La settimana prossima a Bruxelles Wang vedrà proprio Dombrovskis. L’alto funzionario cinese dovrebbe recarsi anche a Roma, il 15-16 settembre, per colloqui con il governo Meloni. In agenda la questione dell’agognato investimento cinese nel settore dei veicoli elettrici, che vede in pole position la compagnia di stato Dongfeng, ma rispetto al quale il ministro dell’Industria e del made in Italy, Adolfo Urso, non ha ancora nulla in tasca.
Mentre a Pechino attendono di vedere come l’Italia si orienterà sul voto decisivo sui dazi sugli Ev, il governo cinese segnala di voler rafforzare i legami con l’esecutivo delle destre sovraniste. Nei prossimi giorni – a Roma, Milano e Torino – è attesa una delegazione della Commissione per il commercio di Shanghai per discutere, tra l’altro, della creazione di un parco industriale italiano a Shanghai, che dovrebbe sorgere alla periferia della megalopoli, non lontano dalla Gigafactory di Tesla.
Al momento gli Ev fabbricati in Cina rappresentano una quota minima (circa il 10 per cento) di quelli venduti nell’Ue, ma nel medio periodo i brand cinesi – che pure hanno in Occidente un problema di “riconoscibilità” – puntano al mercato europeo, che è il più ricco, dal momento che gli Usa hanno scelto sostanzialmente di continuare ad alimentare a benzina i loro Suv e pick-up, mentre Bruxelles ha deciso che, a partire dal 2035, nell’Ue potranno essere vendute nuove auto soltanto a emissioni zero.
Tra sussidi e profitti
Una politica green (il traffico automobilisti contribuisce circa al 20-25 per cento delle emissioni complessive di diossido di carbonio) che ha favorito la Cina, la cui industria delle auto elettriche (in particolare quella delle batterie e dei sistemi di guida intelligente) è all’avanguardia, che ora viene messa in discussione dallo stesso Partito popolare europeo della presidente della Commissione Ursula von der Leyen, il blocco più importante dell’Europarlamento.
Con la guerra dei prezzi che BYD e Tesla hanno scatenato per conquistare fette di mercato in patria (in Cina si possono acquistare per l’equivalente di 20mila euro Ev con caratteristiche e simili a quelle che i produttori europei e statunitensi vendono all’estero a più del doppio) i marchi cinesi sperano di compensare con i profitti nell’Ue le perdite in patria, dove anche la corsa delle vendite di veicoli elettrici sta rallentando. Per sostenerla, a fine luglio, il governo è intervenuto con sussidi diretti ai consumatori (validi fino alla fine dell’anno): fino a 20.000 yuan (2.770 dollari) per veicolo.
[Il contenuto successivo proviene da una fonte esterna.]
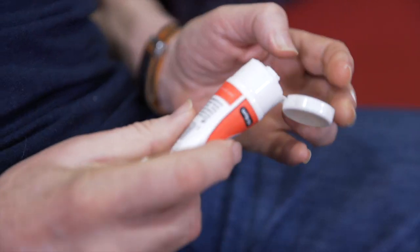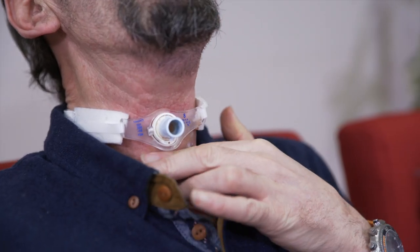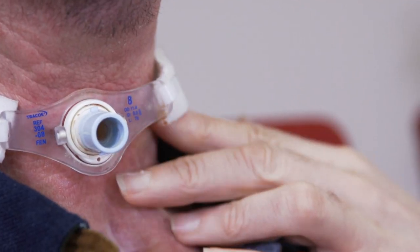Barrier cream can be applied to the surrounding skin, round about the stoma, under the flange and under the neck tapes.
E il governo di Pechino ha bisogno di promuovere quello che è diventato un settore ad alto valore aggiunto strategico, che l’anno scorso – assieme alle batterie elettriche e agli impianti fotovoltaici – ha sostituito i “tre vecchi” campioni dell’export a basso valore aggiunto: abbigliamento, mobili ed elettrodomestici.
Per questo motivo la battaglia contro l’aumento dei dazi voluto dalla Commissione è diventata così importante e rischia di scatenare uno scontro aperto tra l’Unione europea e il suo secondo partner commerciale globale, il primo per la Germania in crisi.